By Jeanne Starmack
The city will try to collect about $200,000 in overdue water bills in September, said city administrator Lew Jackson.
City councilwoman Juanita Rich, who heads council’s Public Utilities and Waterworks Committee, said some delinquencies are “$500, $700.”
“There’s no reason for this,” she said Monday. “[The city needs] to start collecting those bills.”
The delinquencies in question are from current, active water accounts, she said.
There are accounts, she said, that are always behind.
“They’d pay a little on past bills, but they’d never catch up,” She said. “You can’t continue to do that forever.”
Jackson said the city sends 30-day shut-off notices to water customers who have at least $50 past due, but some people will pay only part of their bill and avoid the shut-off. The unpaid portions accumulate, he said.
He also said that some of the higher delinquencies Rich noted are because of broken water pipes, and he is working with people on those accounts.

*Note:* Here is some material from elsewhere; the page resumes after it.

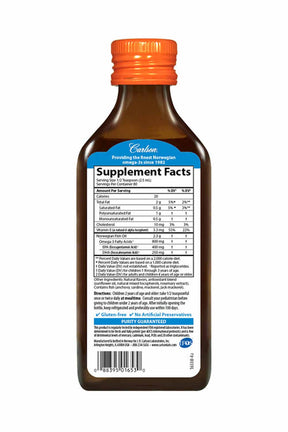 Carlson Labs for Kids Norwegian The Very Finest Fish Oil Orange Flavor - ProCare Outlet by Carlson Labs
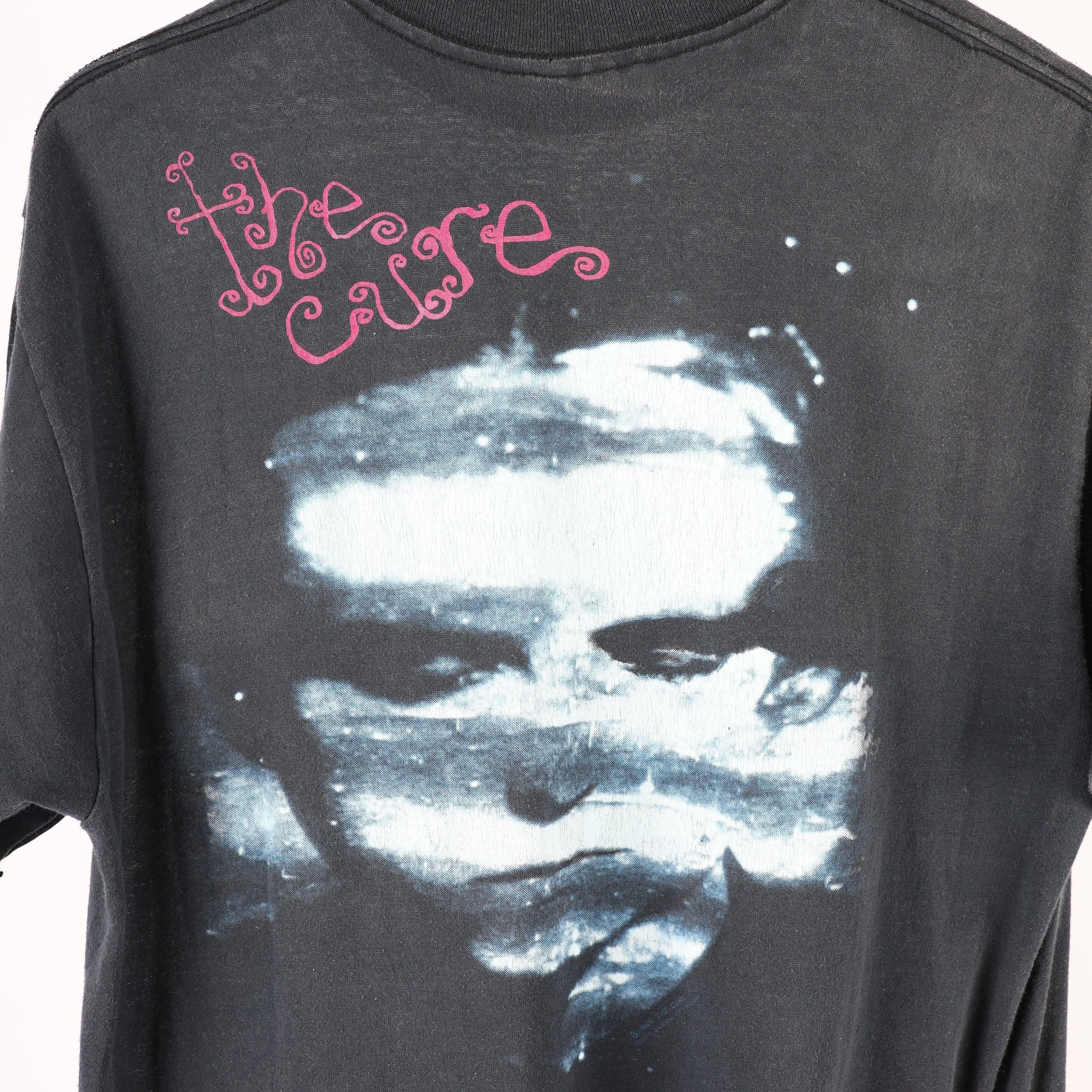 Vintage THE CURE TEE Size US L / EU 52-54 / 3 - 5 Thumbnail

Jackson said the city will run a notice in a local newspaper and on public access TV Channel 19 that people whose water accounts are delinquent must pay them by a certain date, or the city will shut off their water. He believes the date will be sometime in mid- September.

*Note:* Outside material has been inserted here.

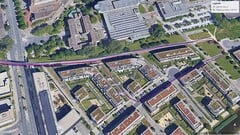 Teste de GPS: cidade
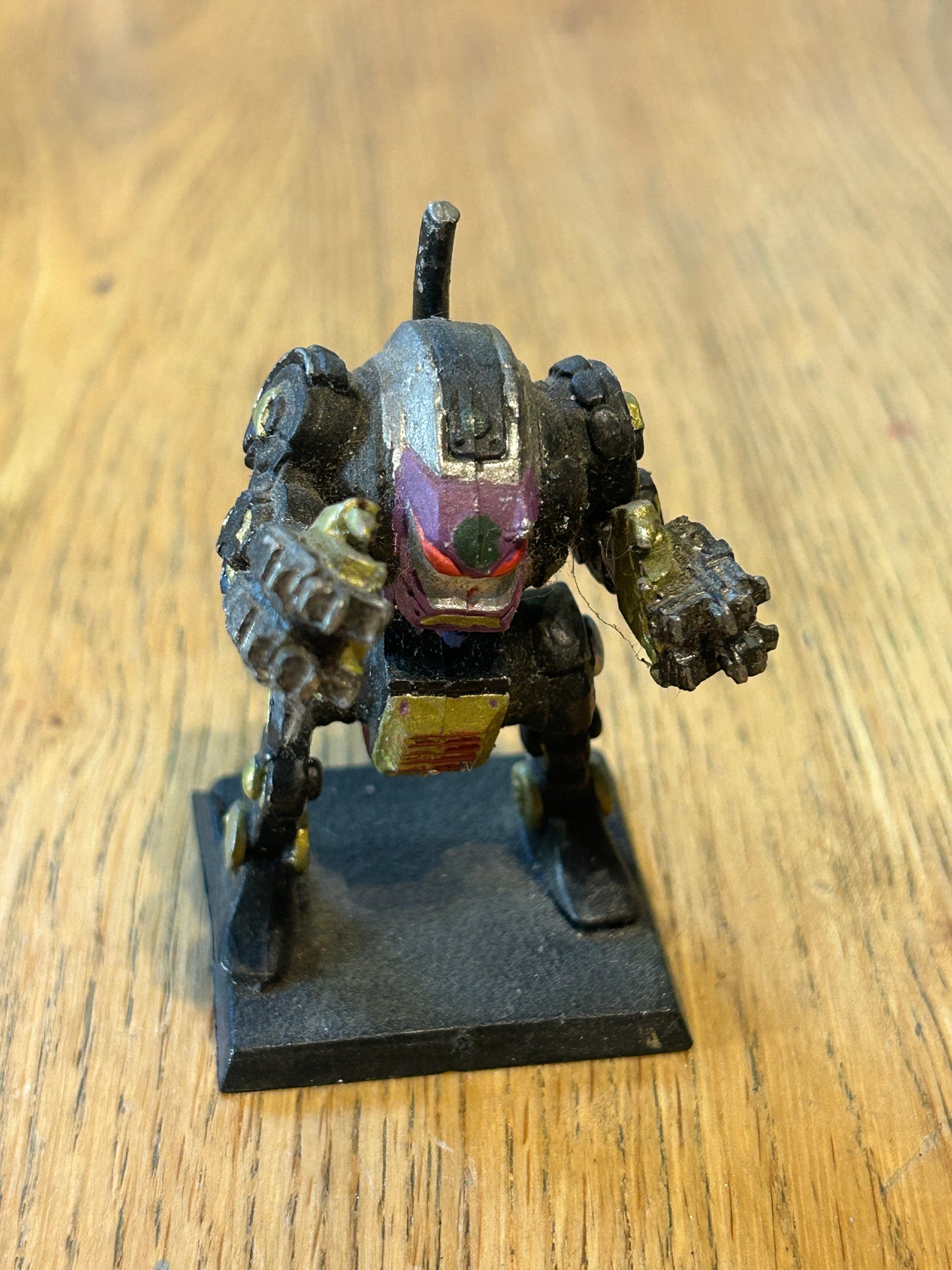 Games Workshop - WH40k Rogue Trader Space Marine long legged Dreadnought- Citadel Metal OOP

He said the notice will not include delinquent- account-holders’ names and addresses on the advice of the city’s law director.

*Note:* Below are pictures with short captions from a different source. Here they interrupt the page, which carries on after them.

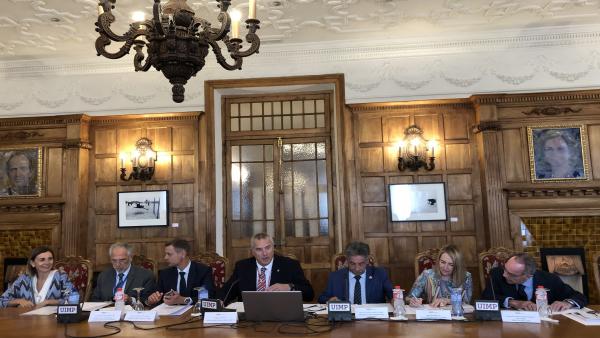Participantes en el curso sobre Justicia de la UIMP Participantes en el curso sobre Justicia de la UIMP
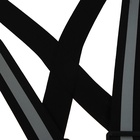 Светоотражающий ремень, регулируемый размер, чёрный - Фото 7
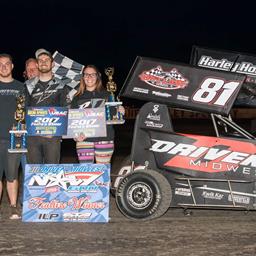 Flud and Pursley Capture Driven Midwest Cup Titles and Driven Midwest USAC NOW600 National Series Championships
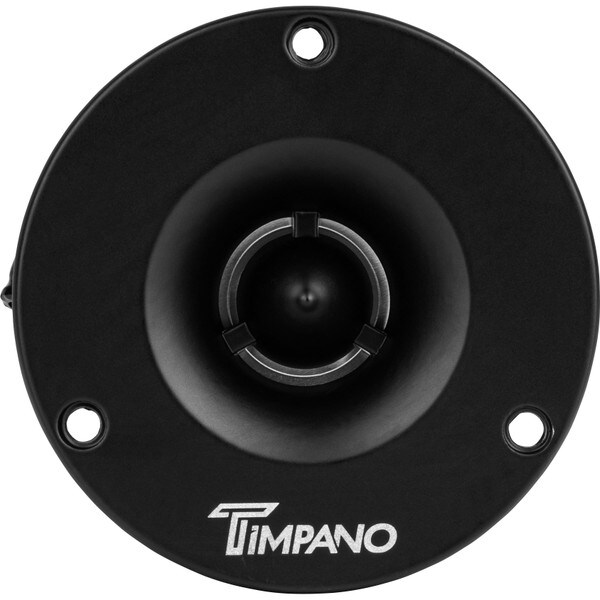 Main product image for Timpano Audio TPT-ST3 Black 4" Round Super Tweeter Pair 4 Ohm294-3388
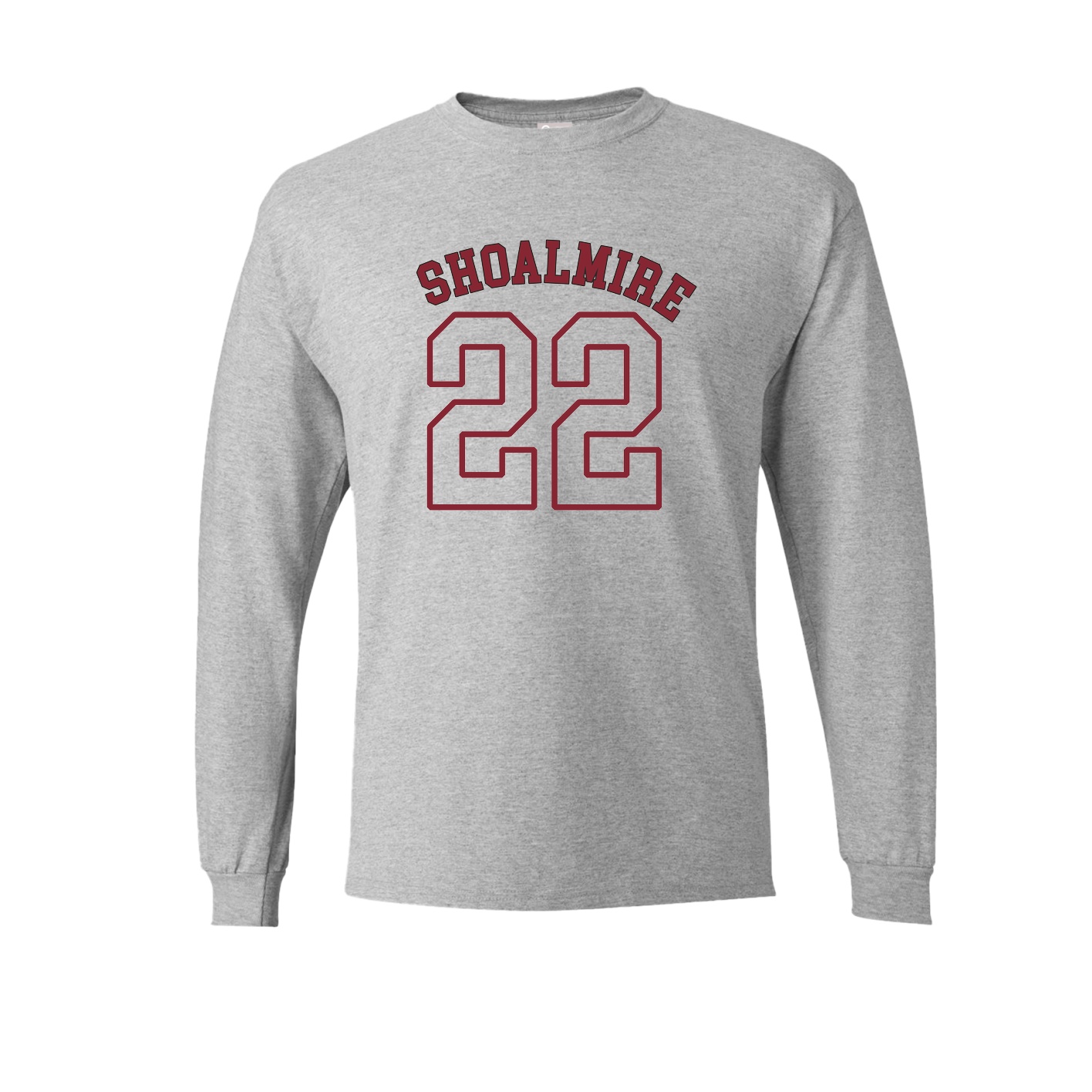 Long Sleeve Tee — Shirsey Arch in Grey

Jackson said that the last time the city attempted to collect water-bill delinquencies was in April 2009, but he would like to run the notice every six months from now on.
Still, he said, there are people who have legitimate hardships.
“You almost have to go on a case-by-case basis,” he said.
The average water bill increased from $50 to $60 a month to $70 to $80 a month when rates went up in January 2009, he said.
Jackson said people should realize that their water bill also includes garbage pickup, storm-water management and sewer bills, and that’s why it might seem higher than water bills in other communities.